BEGIN Provided data
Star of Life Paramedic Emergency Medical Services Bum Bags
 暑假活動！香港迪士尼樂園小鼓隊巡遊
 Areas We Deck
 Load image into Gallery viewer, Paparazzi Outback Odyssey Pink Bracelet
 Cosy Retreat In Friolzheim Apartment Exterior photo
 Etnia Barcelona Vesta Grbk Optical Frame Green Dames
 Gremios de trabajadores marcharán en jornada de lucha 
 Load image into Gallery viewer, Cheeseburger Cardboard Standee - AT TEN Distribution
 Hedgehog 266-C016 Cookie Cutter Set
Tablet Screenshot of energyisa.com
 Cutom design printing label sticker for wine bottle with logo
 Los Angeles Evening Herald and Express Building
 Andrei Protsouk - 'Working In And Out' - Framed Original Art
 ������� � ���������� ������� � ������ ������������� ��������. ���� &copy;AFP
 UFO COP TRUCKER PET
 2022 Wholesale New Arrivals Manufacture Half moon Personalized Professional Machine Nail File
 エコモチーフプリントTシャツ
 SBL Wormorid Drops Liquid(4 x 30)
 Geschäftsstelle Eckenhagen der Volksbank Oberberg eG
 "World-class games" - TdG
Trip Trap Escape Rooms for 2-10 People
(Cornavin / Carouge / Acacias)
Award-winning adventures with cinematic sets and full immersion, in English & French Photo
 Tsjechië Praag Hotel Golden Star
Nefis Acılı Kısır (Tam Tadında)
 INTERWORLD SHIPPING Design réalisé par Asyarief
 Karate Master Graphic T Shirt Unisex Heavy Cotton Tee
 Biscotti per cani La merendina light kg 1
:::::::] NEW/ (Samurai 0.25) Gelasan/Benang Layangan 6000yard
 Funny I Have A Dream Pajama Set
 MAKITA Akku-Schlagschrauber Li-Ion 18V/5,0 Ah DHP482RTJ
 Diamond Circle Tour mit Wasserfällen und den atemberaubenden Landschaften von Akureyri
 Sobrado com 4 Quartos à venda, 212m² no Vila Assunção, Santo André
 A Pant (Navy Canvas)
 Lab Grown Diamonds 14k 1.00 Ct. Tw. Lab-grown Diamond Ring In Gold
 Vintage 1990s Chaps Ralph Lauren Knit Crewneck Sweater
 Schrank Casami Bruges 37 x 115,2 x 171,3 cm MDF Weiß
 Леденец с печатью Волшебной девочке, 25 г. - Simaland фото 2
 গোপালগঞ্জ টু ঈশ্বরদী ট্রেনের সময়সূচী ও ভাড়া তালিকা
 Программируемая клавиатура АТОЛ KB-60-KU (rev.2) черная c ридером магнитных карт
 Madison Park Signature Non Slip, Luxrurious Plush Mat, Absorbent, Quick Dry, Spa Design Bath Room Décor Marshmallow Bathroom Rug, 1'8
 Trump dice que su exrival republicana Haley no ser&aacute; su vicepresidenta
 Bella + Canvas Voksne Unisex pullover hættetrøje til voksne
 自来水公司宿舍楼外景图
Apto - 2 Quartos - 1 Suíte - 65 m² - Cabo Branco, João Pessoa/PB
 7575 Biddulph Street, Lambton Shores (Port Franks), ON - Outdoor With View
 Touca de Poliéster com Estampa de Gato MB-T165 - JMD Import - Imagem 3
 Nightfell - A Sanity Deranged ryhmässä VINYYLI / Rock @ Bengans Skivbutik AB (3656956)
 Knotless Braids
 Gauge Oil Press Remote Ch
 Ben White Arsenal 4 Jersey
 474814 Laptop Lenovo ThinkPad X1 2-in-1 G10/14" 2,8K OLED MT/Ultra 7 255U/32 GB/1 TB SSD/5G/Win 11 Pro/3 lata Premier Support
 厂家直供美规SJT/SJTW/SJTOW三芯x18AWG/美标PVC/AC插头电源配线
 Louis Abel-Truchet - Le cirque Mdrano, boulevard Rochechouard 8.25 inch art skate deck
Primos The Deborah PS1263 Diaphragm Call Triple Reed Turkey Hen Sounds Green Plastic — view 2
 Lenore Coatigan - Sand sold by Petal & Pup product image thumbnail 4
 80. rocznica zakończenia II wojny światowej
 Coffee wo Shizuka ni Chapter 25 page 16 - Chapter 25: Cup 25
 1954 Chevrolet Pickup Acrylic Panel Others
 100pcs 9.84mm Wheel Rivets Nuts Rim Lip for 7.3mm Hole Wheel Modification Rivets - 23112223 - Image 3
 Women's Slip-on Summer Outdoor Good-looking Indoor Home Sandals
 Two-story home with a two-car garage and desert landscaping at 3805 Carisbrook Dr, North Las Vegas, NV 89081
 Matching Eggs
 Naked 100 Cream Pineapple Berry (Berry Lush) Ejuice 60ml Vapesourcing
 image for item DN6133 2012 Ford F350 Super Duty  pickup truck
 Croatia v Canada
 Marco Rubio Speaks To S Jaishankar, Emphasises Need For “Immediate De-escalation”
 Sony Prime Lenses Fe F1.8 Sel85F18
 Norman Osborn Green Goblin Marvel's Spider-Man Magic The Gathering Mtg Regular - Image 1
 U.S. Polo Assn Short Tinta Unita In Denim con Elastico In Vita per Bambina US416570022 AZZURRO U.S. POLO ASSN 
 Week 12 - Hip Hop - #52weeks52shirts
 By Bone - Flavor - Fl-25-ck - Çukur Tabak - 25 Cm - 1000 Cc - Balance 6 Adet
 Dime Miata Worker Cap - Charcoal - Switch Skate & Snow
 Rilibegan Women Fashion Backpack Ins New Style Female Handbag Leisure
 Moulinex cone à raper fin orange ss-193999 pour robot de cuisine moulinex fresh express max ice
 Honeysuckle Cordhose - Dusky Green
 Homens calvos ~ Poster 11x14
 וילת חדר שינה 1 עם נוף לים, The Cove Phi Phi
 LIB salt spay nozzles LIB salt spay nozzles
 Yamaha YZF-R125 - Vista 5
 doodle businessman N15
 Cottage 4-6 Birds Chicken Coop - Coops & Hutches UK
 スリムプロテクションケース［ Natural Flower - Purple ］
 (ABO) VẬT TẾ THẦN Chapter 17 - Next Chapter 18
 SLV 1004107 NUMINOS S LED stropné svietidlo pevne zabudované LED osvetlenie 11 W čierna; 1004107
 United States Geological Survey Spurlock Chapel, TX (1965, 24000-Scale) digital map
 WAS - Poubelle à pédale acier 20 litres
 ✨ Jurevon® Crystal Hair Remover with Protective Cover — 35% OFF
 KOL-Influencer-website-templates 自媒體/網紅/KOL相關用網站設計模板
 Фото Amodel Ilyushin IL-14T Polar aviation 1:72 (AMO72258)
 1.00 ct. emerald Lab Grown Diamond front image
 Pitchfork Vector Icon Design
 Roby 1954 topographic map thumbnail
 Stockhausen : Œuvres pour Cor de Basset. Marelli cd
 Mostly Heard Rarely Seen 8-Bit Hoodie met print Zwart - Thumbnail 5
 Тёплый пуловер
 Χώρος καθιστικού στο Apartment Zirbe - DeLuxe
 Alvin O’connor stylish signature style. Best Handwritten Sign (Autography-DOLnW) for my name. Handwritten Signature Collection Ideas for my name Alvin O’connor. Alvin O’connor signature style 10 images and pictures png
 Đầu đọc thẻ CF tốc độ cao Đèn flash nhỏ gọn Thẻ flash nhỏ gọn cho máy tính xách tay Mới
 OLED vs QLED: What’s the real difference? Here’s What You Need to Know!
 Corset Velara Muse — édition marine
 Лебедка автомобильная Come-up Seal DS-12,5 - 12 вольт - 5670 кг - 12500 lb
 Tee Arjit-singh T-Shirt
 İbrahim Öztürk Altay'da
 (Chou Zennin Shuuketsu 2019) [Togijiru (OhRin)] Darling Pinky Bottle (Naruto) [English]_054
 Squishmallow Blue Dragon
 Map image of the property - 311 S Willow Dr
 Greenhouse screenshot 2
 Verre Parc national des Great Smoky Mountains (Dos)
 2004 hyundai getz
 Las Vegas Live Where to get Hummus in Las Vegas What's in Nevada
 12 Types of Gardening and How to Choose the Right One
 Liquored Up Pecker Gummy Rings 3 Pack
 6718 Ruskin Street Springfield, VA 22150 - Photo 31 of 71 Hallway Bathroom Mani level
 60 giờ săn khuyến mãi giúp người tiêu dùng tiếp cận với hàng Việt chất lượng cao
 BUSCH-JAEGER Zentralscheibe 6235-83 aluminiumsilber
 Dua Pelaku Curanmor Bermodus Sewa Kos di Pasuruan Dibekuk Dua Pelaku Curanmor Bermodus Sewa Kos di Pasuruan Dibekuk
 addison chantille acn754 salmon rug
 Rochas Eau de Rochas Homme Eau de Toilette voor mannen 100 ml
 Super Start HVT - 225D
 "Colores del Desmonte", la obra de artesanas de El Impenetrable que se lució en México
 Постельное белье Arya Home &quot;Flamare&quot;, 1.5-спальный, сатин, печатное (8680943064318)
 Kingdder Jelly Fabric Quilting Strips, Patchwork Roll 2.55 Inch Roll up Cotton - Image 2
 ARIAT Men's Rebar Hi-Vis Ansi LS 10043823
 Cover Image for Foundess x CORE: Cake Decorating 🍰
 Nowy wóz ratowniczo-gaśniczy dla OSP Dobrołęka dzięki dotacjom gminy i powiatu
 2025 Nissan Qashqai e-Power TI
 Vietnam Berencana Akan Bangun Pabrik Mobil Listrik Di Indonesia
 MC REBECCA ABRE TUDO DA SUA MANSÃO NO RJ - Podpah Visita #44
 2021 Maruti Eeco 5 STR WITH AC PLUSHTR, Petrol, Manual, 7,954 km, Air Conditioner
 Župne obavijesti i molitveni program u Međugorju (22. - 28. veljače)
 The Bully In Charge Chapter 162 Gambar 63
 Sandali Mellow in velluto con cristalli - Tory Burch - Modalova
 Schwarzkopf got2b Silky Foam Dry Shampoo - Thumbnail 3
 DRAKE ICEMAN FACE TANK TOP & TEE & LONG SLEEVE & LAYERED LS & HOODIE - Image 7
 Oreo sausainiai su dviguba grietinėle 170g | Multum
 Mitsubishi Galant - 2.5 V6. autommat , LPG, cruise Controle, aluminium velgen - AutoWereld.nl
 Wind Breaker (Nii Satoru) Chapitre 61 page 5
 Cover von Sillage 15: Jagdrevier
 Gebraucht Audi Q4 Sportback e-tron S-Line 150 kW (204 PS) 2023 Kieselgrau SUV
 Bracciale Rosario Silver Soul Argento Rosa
END Provided data
**What this task involves:** Quote the records above exactly, from the first line through the line containing "SBL Wormorid Drops Liquid(4 x 30)", and nothing more.

**Written answer:**
Star of Life Paramedic Emergency Medical Services Bum Bags
 暑假活動！香港迪士尼樂園小鼓隊巡遊
 Areas We Deck
 Load image into Gallery viewer, Paparazzi Outback Odyssey Pink Bracelet
 Cosy Retreat In Friolzheim Apartment Exterior photo
 Etnia Barcelona Vesta Grbk Optical Frame Green Dames
 Gremios de trabajadores marcharán en jornada de lucha 
 Load image into Gallery viewer, Cheeseburger Cardboard Standee - AT TEN Distribution
 Hedgehog 266-C016 Cookie Cutter Set
Tablet Screenshot of energyisa.com
 Cutom design printing label sticker for wine bottle with logo
 Los Angeles Evening Herald and Express Building
 Andrei Protsouk - 'Working In And Out' - Framed Original Art
 ������� � ���������� ������� � ������ ������������� ��������. ���� &copy;AFP
 UFO COP TRUCKER PET
 2022 Wholesale New Arrivals Manufacture Half moon Personalized Professional Machine Nail File
 エコモチーフプリントTシャツ
 SBL Wormorid Drops Liquid(4 x 30)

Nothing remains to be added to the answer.